Всего четыре дня, и уже не верится, что все это было. Может, это был сон. Ходил ли я когда-нибудь, давным-давно, по солнечной улице среди себе подобных? Приходил ли я вечером к любимой женщине? Слушал ли диски? Возмущался ли дороговизной жизни? Читал ли книги? Занимался ли любовью?
Сегодня реальность — это сумрачная комната, где я забаррикадировался; запах плесени, исходящий от стен; сухари, которые я грызу, настороженно прислушиваясь, как загнанный заяц.
Сегодня реальность — это тот самый отвратительный звук, то самое тихое и безостановочное похрустывание, чье происхождение мне теперь известно. Их двое: спарились прямо под моим окном, рядом с машиной с выбитыми стеклами, и тошнотворный хруст означает всего лишь, что самка начала пожирать самца.
Много говорили, что они похожи на богомолов. Однако как ни грозен вид богомола, замершего на ветке с готовыми к удару конечностями, одного шлепка достаточно, чтобы покончить с ним, если, конечно, удастся преодолеть отвращение. Но если богомол размером с кенгуру?..
И потом: что это за богомол, способный создавать и использовать те машины, что мы увидели в первый же день, в день, когда все началось? (Или следует лучше сказать: в день, когда все закончилось?)
Я не могу оторвать взгляд от мерзкого зрелища. Гипнотический ужас приковал мои глаза к чудовищному совокуплению: два зеленоватых брюшка тесно прижаты друг к другу, надкрылья подрагивают, а челюсти, похожие на клюв попугая, дробят щиток еще живого самца, который словно в экстазе судорожно сучит верхними конечностями.
Возникает новый звук, сначала нежный, как пение сверчка, затем нарастающий до пронзительного свиста, словно неисправный микрофон на ушедших в прошлое митингах или концертах.
Невольно я делаю шаг назад. Это самка звинчит. Отсюда и их название: звинчи. Ни у кого не было ни времени, ни желания придумать что-то другое, да, в общем-то, лучшего и не найдешь.
Их главная и реальная сила не в омерзительности и жестокости, по сравнению с которыми самые жуткие кошмарные сны кажутся детскими сказками. И не в их количестве, которое так и не удалось точно определить. Их главное преимущество над нами в способности звинчать. Когда их модулированный свист поднимается до такой высоты, что становится неслышимым, люди и животные падают замертво и, если он не прекратится, уже не встают.
Но это еще не все: они используют эту свою физиологическую особенность как боевое оружие, усиливая ее действие с помощью специальных аппаратов. Звинчам не понадобились пушки, чтобы разрушить наши дома: хватило и ультразвука.

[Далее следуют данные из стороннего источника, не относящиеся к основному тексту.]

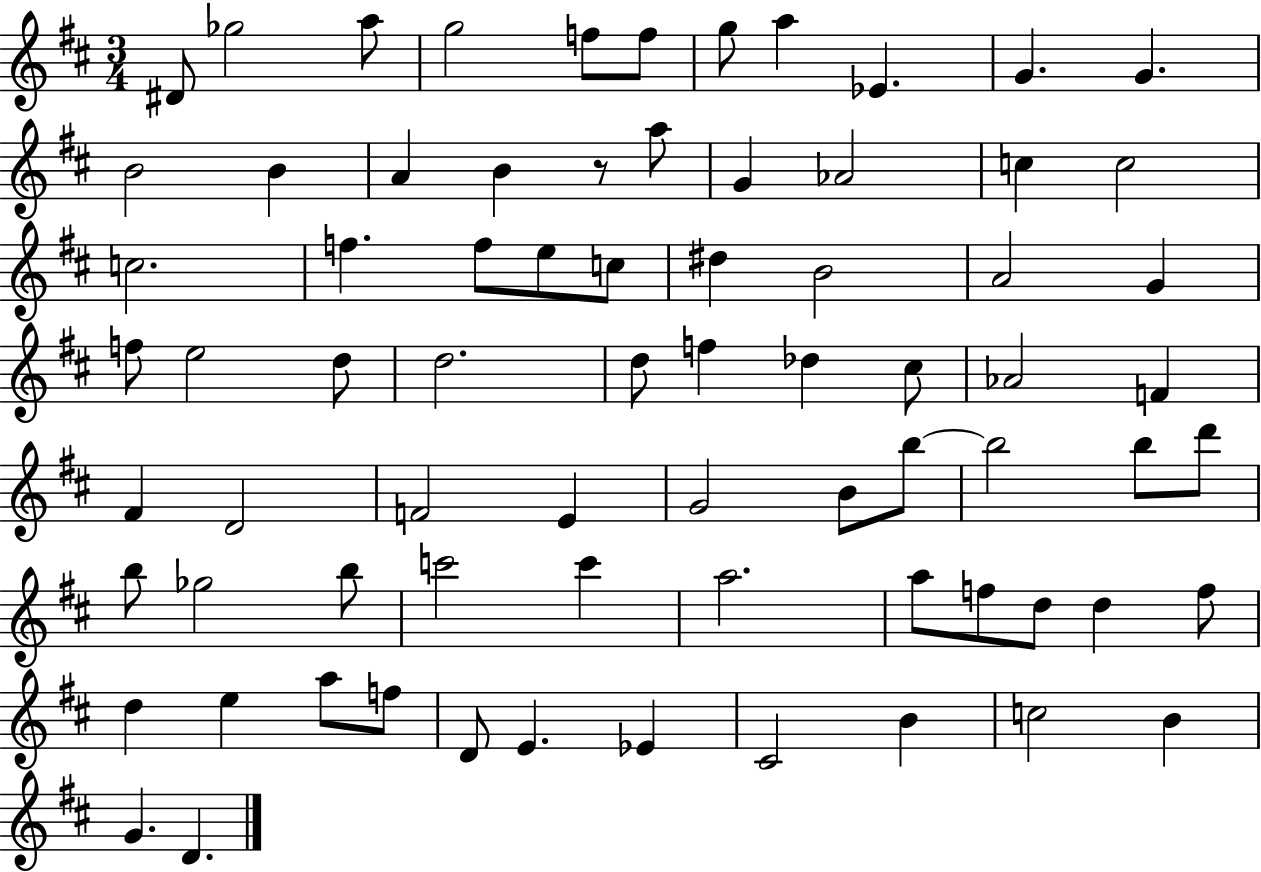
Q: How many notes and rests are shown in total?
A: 74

Внизу, на улице, звинч-самка продолжает свистеть свою любовную песню. А на меня накатывает волна страха и ненависти. Положить конец этому жуткому звуку, этому гнусному похрустыванию, всей этой мерзости! На столе — открытый чемодан. Я выхватываю оттуда револьвер. Ставни хлопают о стену. Солнце освещает разом жалкий гостиничный номер, где, скованный страхом, я прожил четыре дня, не решаясь последовать за теми, кто покинул город.
Выстрелы звучат резко, звонко, почти весело в зловещей тишине покинутого пригорода. Один, два, три… Голова с чудовищным глазами разлетается на куски. Звинч-самка мертва, но я не в силах остановиться: четыре, пять, шесть — пока курок не щелкает вхолостую.

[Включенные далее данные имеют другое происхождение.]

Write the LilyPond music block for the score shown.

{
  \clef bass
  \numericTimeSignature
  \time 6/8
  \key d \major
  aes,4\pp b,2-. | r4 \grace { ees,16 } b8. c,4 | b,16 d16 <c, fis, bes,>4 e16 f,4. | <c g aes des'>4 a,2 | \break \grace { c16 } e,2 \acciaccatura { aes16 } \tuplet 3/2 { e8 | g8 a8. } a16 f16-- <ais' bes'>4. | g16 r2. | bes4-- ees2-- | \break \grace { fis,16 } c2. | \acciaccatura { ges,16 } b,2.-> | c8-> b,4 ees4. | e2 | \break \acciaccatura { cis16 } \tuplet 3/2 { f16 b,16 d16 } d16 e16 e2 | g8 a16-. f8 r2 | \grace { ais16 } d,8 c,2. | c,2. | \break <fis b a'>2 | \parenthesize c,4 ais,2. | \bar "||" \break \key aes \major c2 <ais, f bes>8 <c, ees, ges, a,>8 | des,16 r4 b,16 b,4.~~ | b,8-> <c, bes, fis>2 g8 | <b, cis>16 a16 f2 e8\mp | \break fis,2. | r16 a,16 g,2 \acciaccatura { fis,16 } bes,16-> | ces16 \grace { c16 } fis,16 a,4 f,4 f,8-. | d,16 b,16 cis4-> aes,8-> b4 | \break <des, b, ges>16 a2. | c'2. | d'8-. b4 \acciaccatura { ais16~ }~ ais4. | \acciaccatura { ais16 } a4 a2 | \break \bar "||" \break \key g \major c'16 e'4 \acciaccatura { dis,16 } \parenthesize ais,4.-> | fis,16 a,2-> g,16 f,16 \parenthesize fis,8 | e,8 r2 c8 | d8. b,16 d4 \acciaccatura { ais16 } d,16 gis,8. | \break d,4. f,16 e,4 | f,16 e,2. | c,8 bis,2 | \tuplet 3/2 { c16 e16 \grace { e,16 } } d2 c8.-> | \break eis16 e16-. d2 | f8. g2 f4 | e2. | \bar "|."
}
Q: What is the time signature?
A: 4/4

После долгих часов заточения, темноты и тишины сразу столько света, шума, действия… Страх исчез. Пахнет порохом. Наполовину съеденный звинч-самец еще подрагивает, но меня это больше не страшит, а наоборот, приводит в неистовую ярость.

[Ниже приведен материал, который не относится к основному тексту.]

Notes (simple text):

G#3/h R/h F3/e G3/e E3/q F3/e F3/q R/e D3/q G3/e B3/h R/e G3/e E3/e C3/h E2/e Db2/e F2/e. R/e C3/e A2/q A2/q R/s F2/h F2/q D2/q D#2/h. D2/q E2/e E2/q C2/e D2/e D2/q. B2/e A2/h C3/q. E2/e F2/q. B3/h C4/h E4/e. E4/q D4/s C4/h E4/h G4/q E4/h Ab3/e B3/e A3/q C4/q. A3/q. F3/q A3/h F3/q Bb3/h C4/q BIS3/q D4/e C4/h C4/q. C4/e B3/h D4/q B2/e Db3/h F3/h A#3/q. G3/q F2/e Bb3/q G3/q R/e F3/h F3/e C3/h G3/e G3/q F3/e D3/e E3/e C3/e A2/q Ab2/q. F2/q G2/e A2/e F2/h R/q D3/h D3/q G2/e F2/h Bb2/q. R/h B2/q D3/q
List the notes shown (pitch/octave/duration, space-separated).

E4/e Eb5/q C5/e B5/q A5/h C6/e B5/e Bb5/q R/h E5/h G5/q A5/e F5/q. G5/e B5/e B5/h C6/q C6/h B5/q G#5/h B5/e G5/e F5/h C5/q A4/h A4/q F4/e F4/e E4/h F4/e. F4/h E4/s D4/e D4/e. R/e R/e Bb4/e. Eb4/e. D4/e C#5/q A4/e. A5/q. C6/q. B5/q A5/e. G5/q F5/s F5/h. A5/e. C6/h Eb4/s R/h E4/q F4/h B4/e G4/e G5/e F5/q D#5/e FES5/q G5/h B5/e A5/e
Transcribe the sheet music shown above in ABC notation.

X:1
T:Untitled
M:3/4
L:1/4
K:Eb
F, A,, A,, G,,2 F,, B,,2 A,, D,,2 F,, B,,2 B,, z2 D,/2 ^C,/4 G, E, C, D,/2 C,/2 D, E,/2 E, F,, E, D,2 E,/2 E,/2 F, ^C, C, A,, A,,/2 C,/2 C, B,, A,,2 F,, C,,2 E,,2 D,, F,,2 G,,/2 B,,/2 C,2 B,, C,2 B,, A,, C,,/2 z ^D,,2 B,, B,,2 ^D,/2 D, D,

Я выскакиваю из комнаты, слетаю по лестнице, раскидываю нагромождение мебели и матрацев, которыми забаррикадировал входную дверь… К брошенной машине привязана канистра… Несколько движений ножом: канистра свободна, и я обливаю бензином обоих звинчей. Десять, двадцать литров…
Я смотрю, как горят их тела: трещат, лопаются, стекают в огонь. Крылья и надкрылья унесены первым же высоким и мощным языком пламени. Я стою так близко к огню, что трудно дышать от жара, и угольки, с треском вылетающие из костра, застревают у меня в волосах. И я смеюсь.
Вот уже много часов, как я шагаю по безмолвным улицам, загроможденным обломками и брошенными вещами. Запах, поднимающийся из разрушенных домов, невозможно описать.
Я не мог больше оставаться в отеле. Что если звинчи патрулируют где-то поблизости?.. Если бы они нашли двух сожженных тварей, им не составило бы труда обнаружить меня.
Надо сказать, по дороге мне встретилось немало мертвых звинчей. Проходя через парк, я насчитал их, изрешеченных пулями, около пятидесяти: на аллеях, на берегу пруда и даже среди автомобильчиков и лошадок карусели.
Я видел также тех, кто устроил эту великолепную бойню: расчет двух крупнокалиберных пулеметов, установленных у входа в парк. Скрючившись, они лежали на земле, зажав руками уши, в мучительной неподвижности, свойственной насильственной смерти. Одна каска откатилась к подножию платана. Повсюду валяются пулеметные ленты.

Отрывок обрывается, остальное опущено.